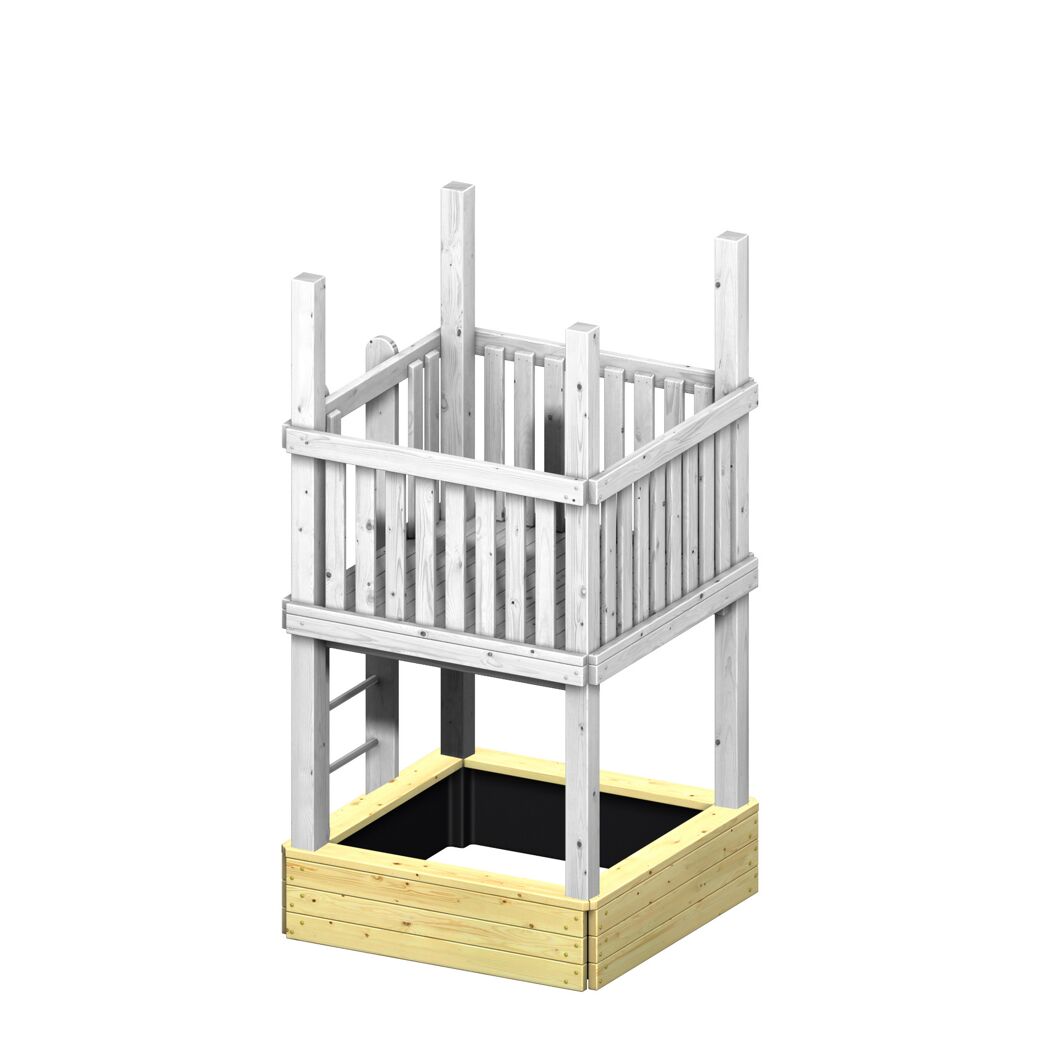 Spielturm aus Holz mit Sandkasten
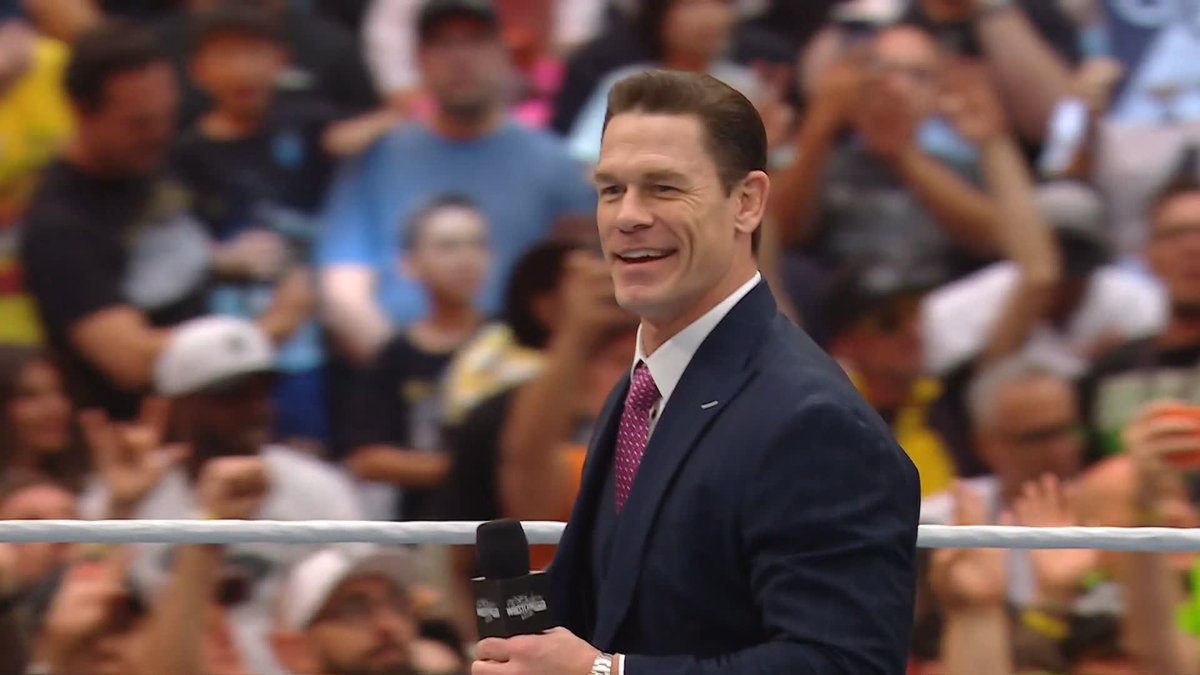 Back for ROUND ✌️ The host of #WrestleMania John Cena is HERE! The FIRST HOUR of #WrestleMania is LIVE RIGHT NOW on ESPN!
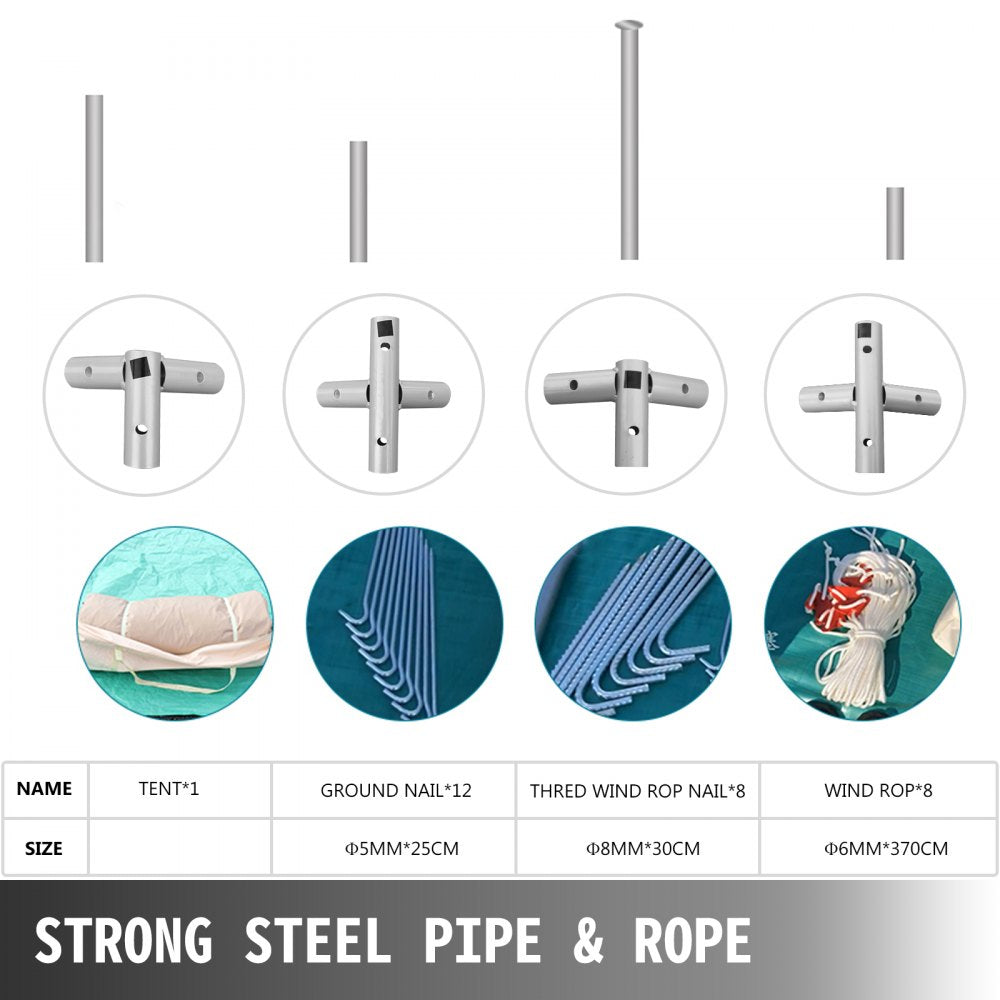 010610129658 - 4-Season 12x14ft Waterproof Canvas Wall Tent for 6-10 People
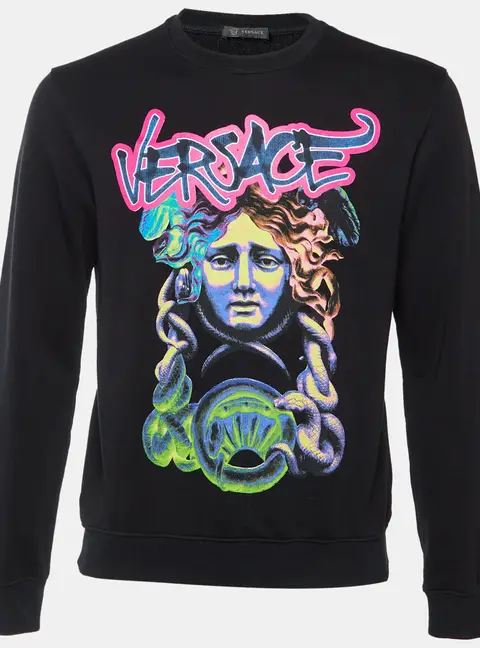 Versace Black Printed Cotton Crewneck Sweatshirt XS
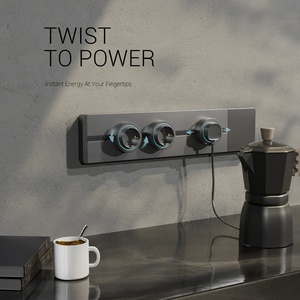 Riel de energía eléctrica montado en la pared enchufe de riel deslizante inalámbrico enchufe giratorio Flexible para extensor de salida de pared de mesa de cocina - Product Image 3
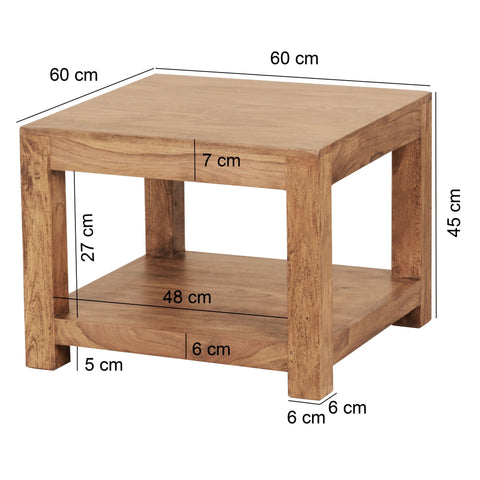 Rootz Coffee Table - Solid Wood Acacia - Dark Brown - Country Style Side Table - 60 x 60 cm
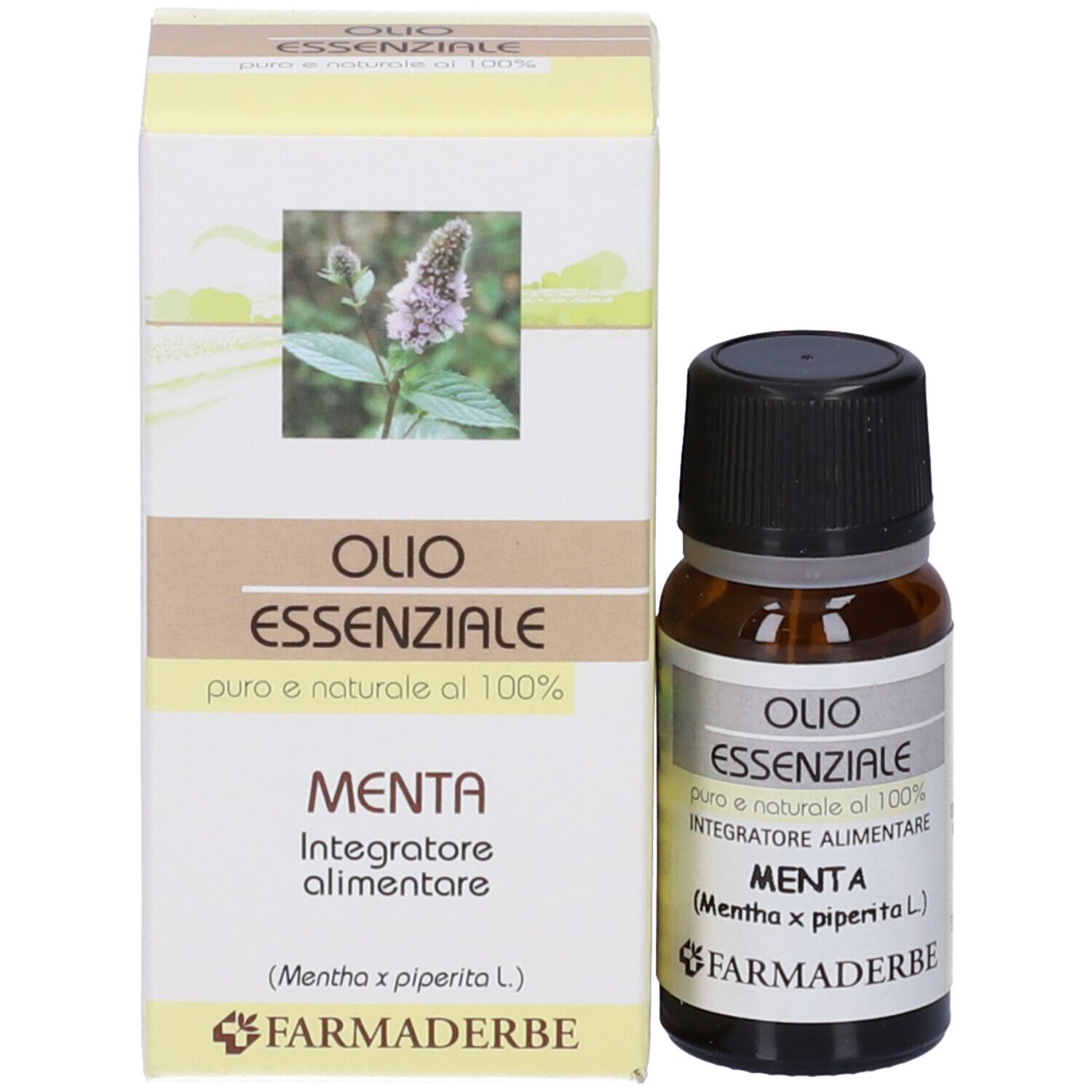 Scatola e flacone di Olio Essenziale. Scritto: MENTA, Integratore alimentare. Marchio: Farmaderbe.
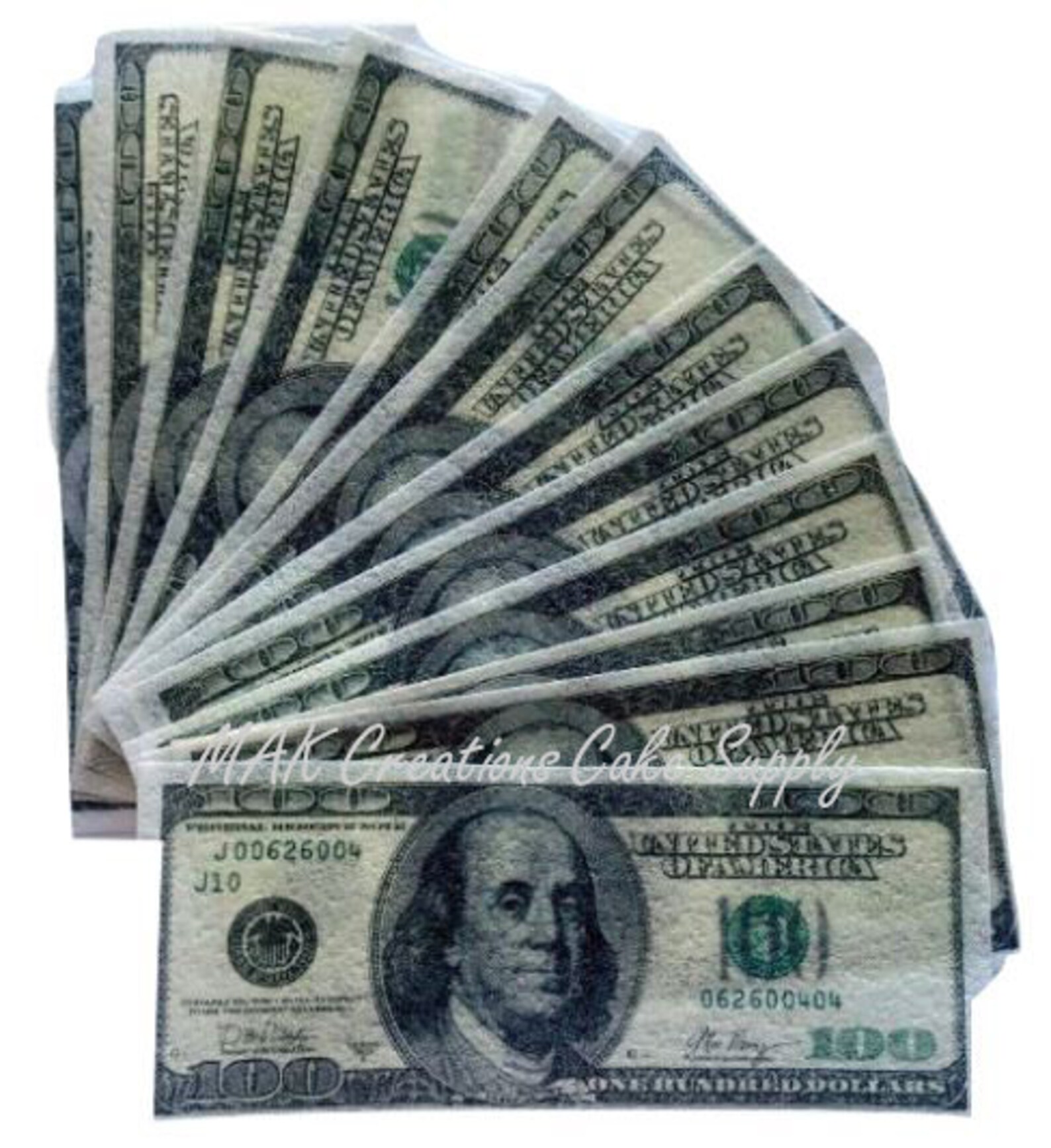 Edible Wafer Paper 100 Dollar Bills MULTIPLE SIZES Real Etsy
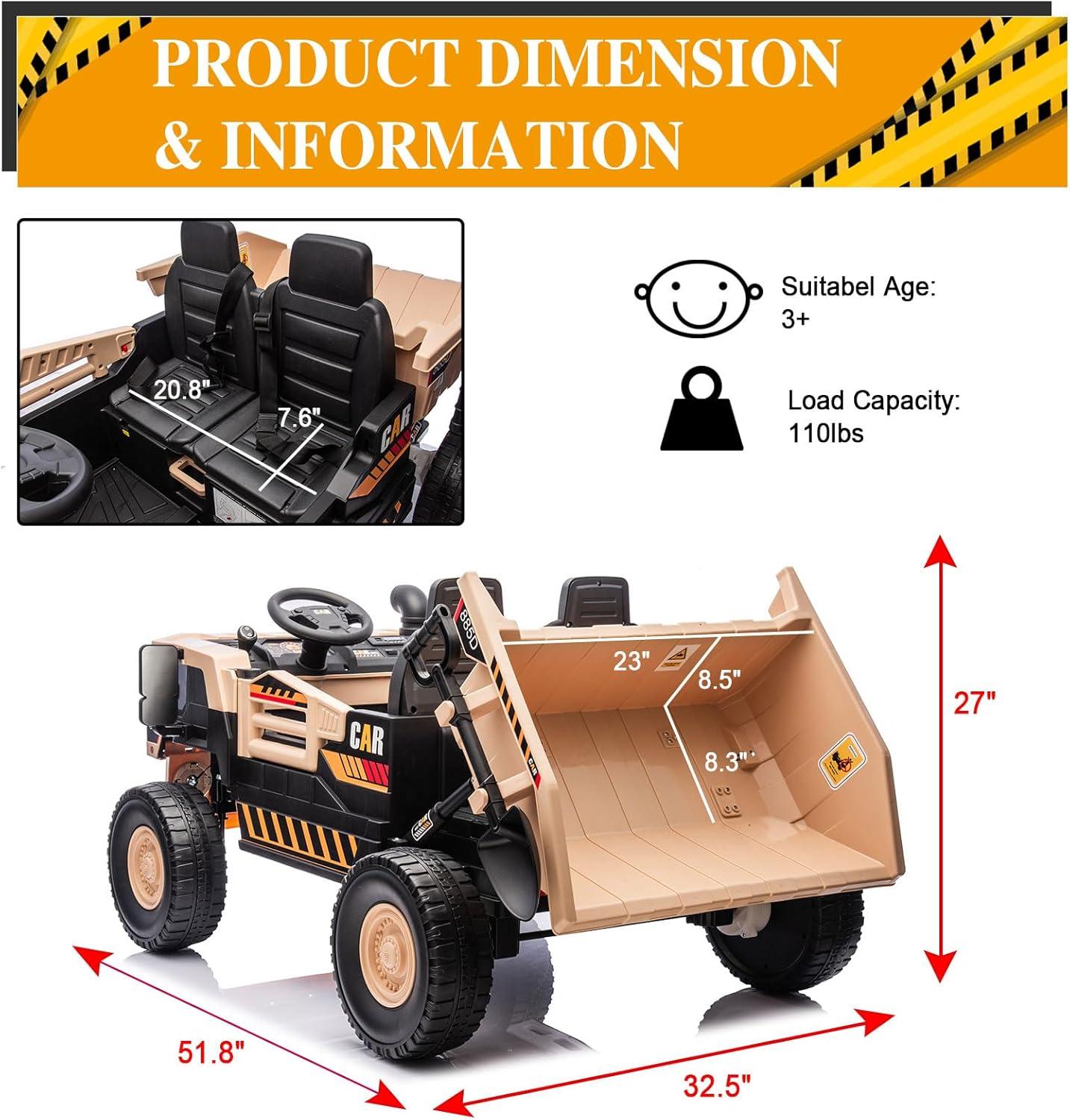 Himimi Delia Himimi 24 Voltage  Ride On Dump Truck, 2 Seater Kids UTV with Electric Dump Bed, Remote Control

### [YOUR ASSIGNMENT]
Your answer must consist only of the lines from the one containing "Back for ROUND" through the end of the entries, restated word for word, with no pictures.

### [TASK ANSWER]
 Back for ROUND ✌️ The host of #WrestleMania John Cena is HERE! The FIRST HOUR of #WrestleMania is LIVE RIGHT NOW on ESPN!
 010610129658 - 4-Season 12x14ft Waterproof Canvas Wall Tent for 6-10 People
 Versace Black Printed Cotton Crewneck Sweatshirt XS
 Riel de energía eléctrica montado en la pared enchufe de riel deslizante inalámbrico enchufe giratorio Flexible para extensor de salida de pared de mesa de cocina - Product Image 3
 Rootz Coffee Table - Solid Wood Acacia - Dark Brown - Country Style Side Table - 60 x 60 cm
 Scatola e flacone di Olio Essenziale. Scritto: MENTA, Integratore alimentare. Marchio: Farmaderbe.
 Edible Wafer Paper 100 Dollar Bills MULTIPLE SIZES Real Etsy
 Himimi Delia Himimi 24 Voltage  Ride On Dump Truck, 2 Seater Kids UTV with Electric Dump Bed, Remote Control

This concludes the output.